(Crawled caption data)
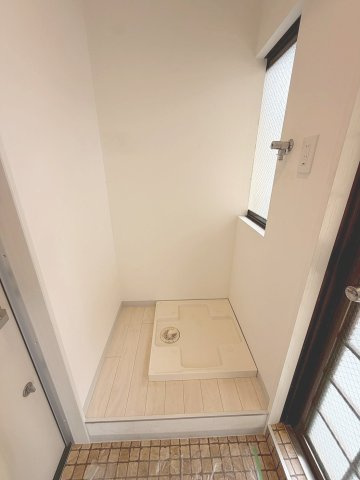 吉村ビルの玄関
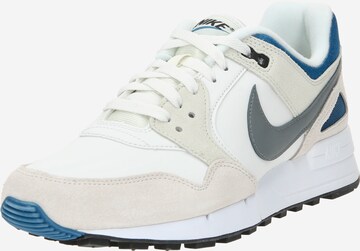 Nike Sportswear - Sapatilhas baixas 'Air Pegasus '89' em branco: frente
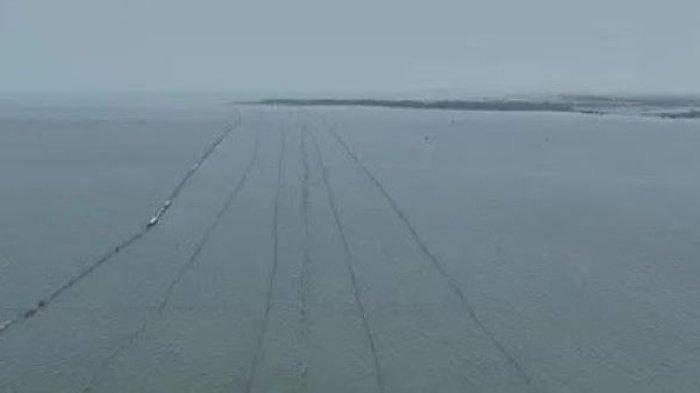 SERTIFIKAT PAGAR LAUT - Pagar laut sepanjang 30,16 Kilometer yang belum diketahui pemiliknya membentang di 6 kecamatan perairan Kabupaten Tangerang, Banten. Terungkap penyebab Sertifikat HGB dan SHM area pagar laut Tangerang bisa terbit.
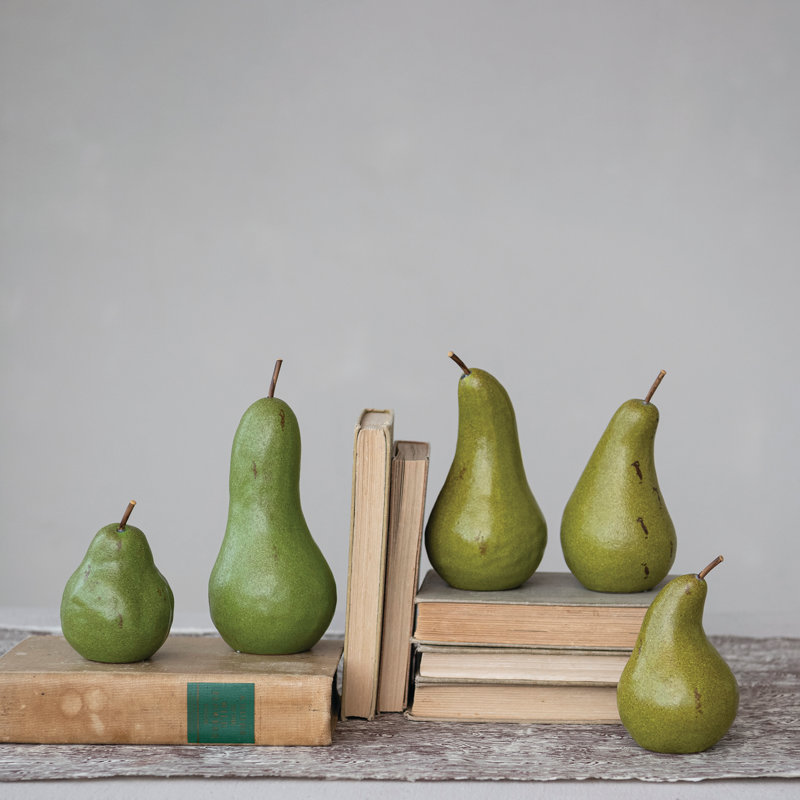 Figurines de poire en grès vert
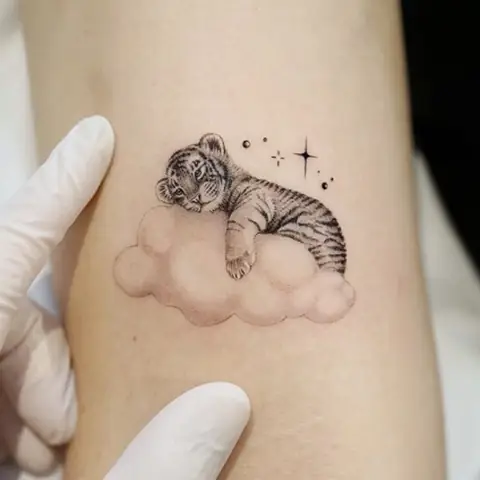 Hình Ảnh Cho Hình Xăm Sư Tử Mini Cute: Hình Ảnh Cho Hình Xăm Sư Tử Mini Cute:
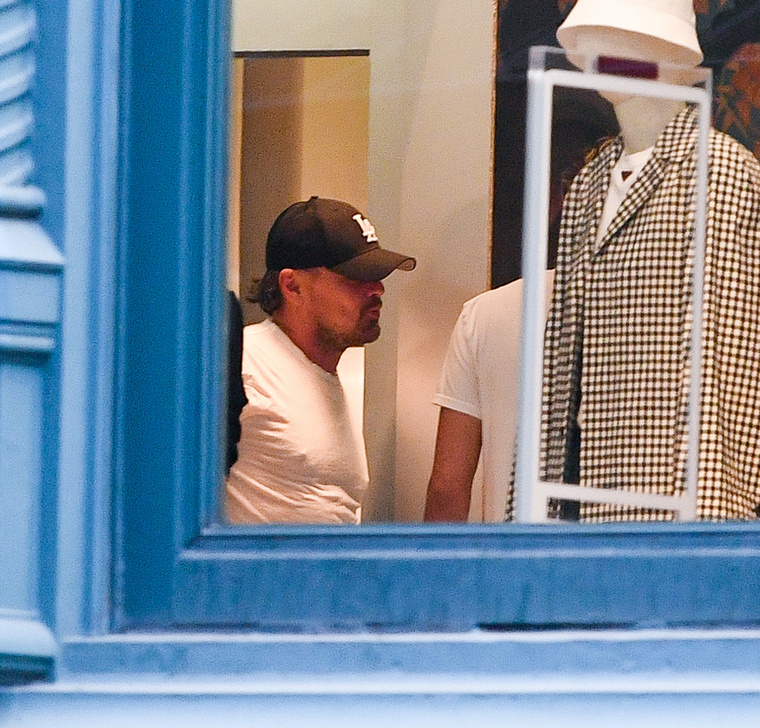 Mivel Leonardo DiCaprio állítása szerint jelentleg a szinglik táborát erősíti, így minden bizonnyal éppen magának vásárol be ebben a New York-i Prada boltban.&nbsp;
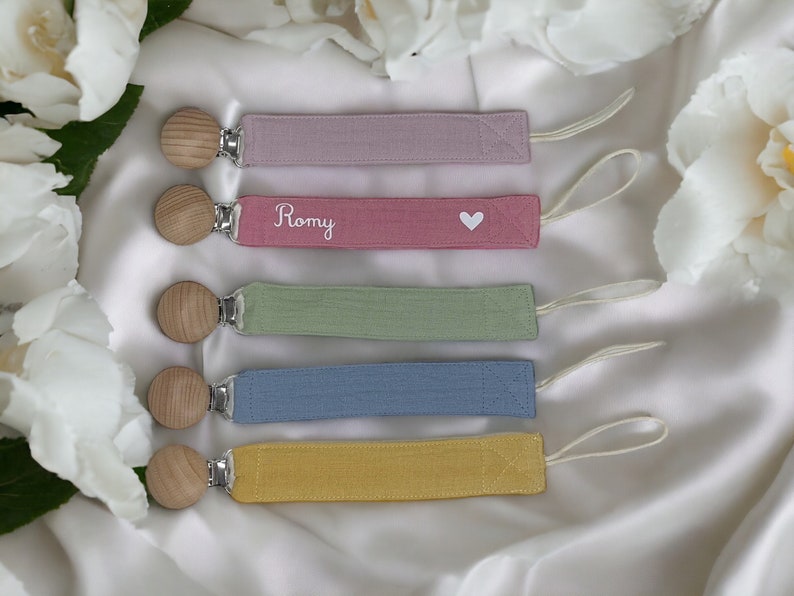 Personalized pacifier clip in cotton gauze image 1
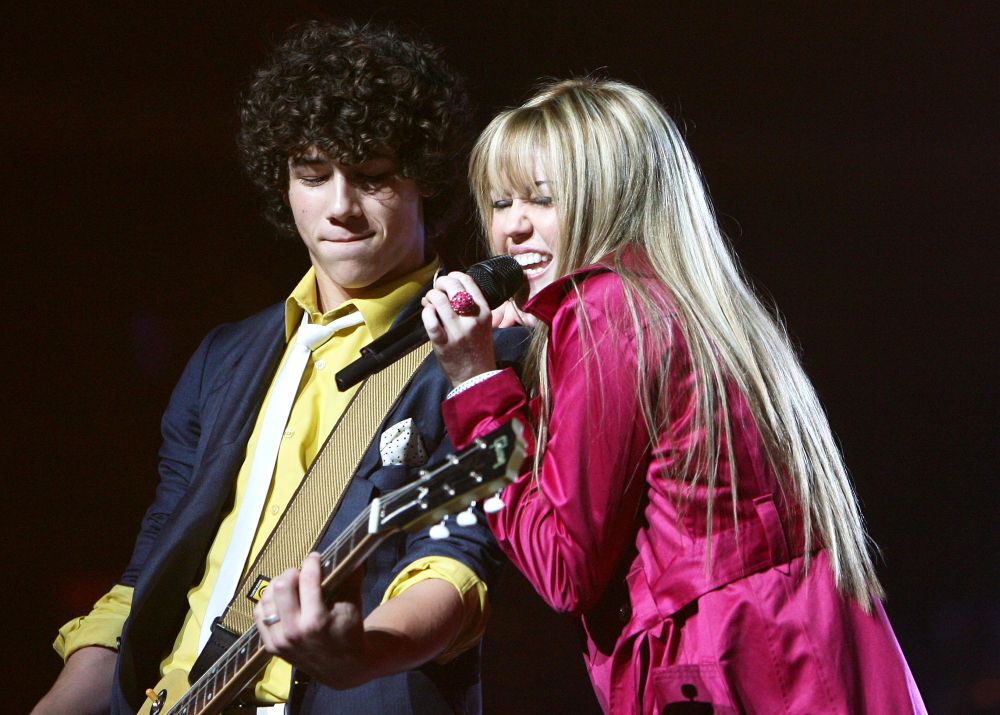 Nick Jonas and Miley Cyrus Performing in 2007 Miley Cyrus Explains Why She Just Followed Ex Nick Jonas on Instagram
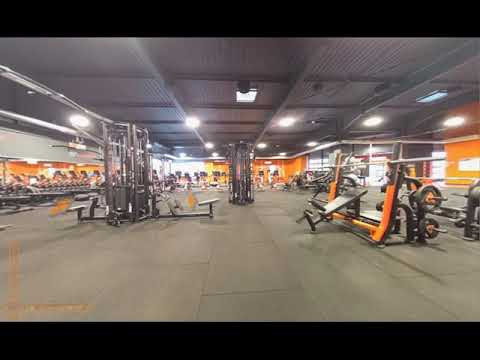 Basic-Fit 24/7 Miniature vidéo YouTube 8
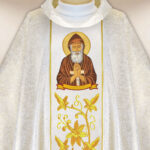 Casula sacerdotale ricamata San Charbel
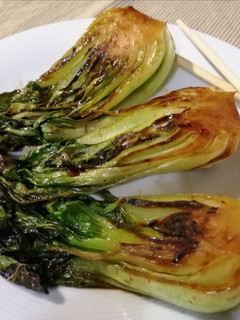 Una foto de Pack choi a la plancha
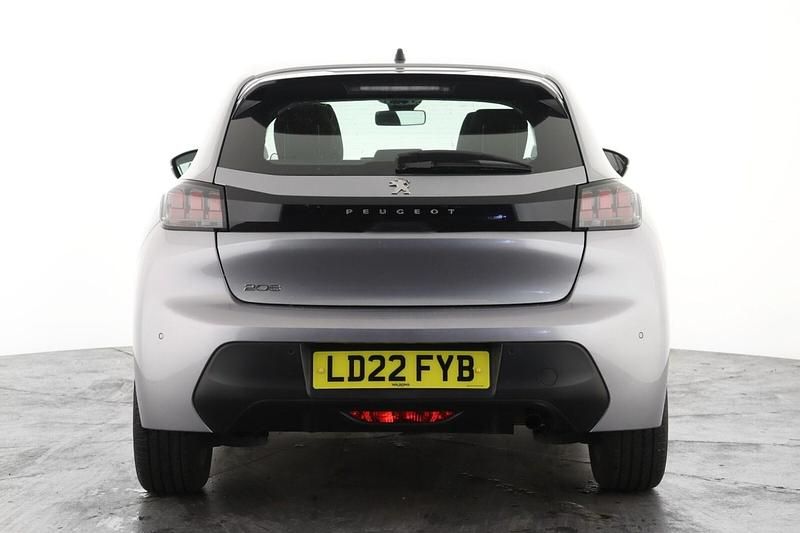 Używany Peugeot 208 Active Premium 75 KM (55 kW) 2022 Szary Hatchback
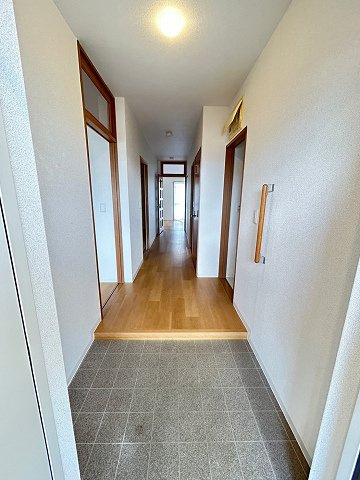 URサンラフレ鳴尾北　13号棟の玄関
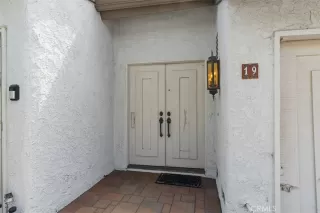 Photo #1: OC25145407 Listing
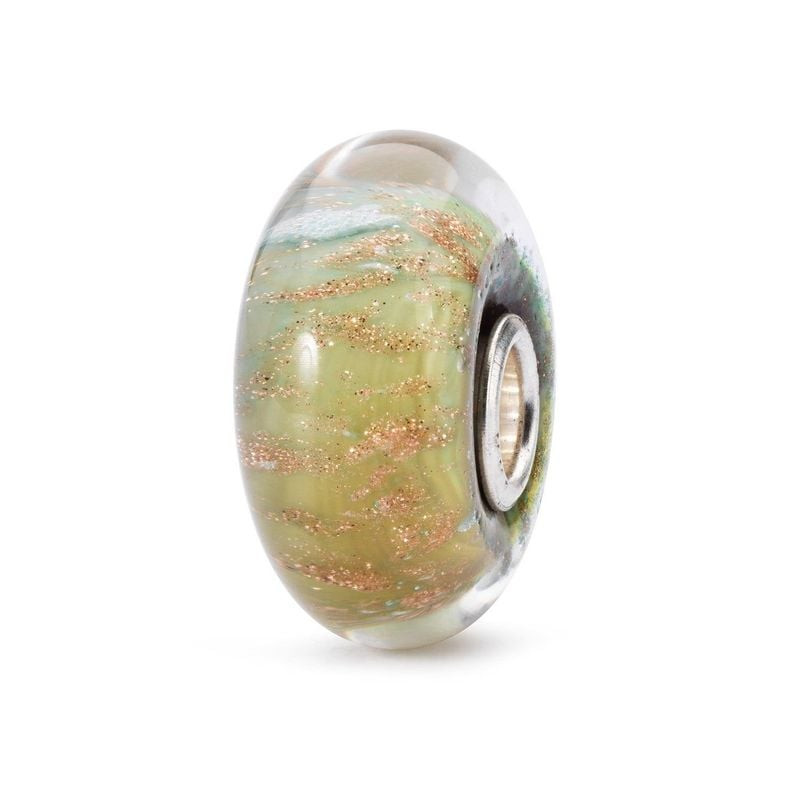 Perle en verre Trollbeads Nuances de Paix, volutes vertes, paillettes cuivrées et cœur en argent sur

◆ **DESCRIPTION OF THE TASK**:
Your task is to return the lines above, from the first one up to and including the line containing "Figurines de poire en grès vert", minus any pictures.

◆ **RESPONSE BELOW**:
 吉村ビルの玄関
 Nike Sportswear - Sapatilhas baixas 'Air Pegasus '89' em branco: frente
 SERTIFIKAT PAGAR LAUT - Pagar laut sepanjang 30,16 Kilometer yang belum diketahui pemiliknya membentang di 6 kecamatan perairan Kabupaten Tangerang, Banten. Terungkap penyebab Sertifikat HGB dan SHM area pagar laut Tangerang bisa terbit.
 Figurines de poire en grès vert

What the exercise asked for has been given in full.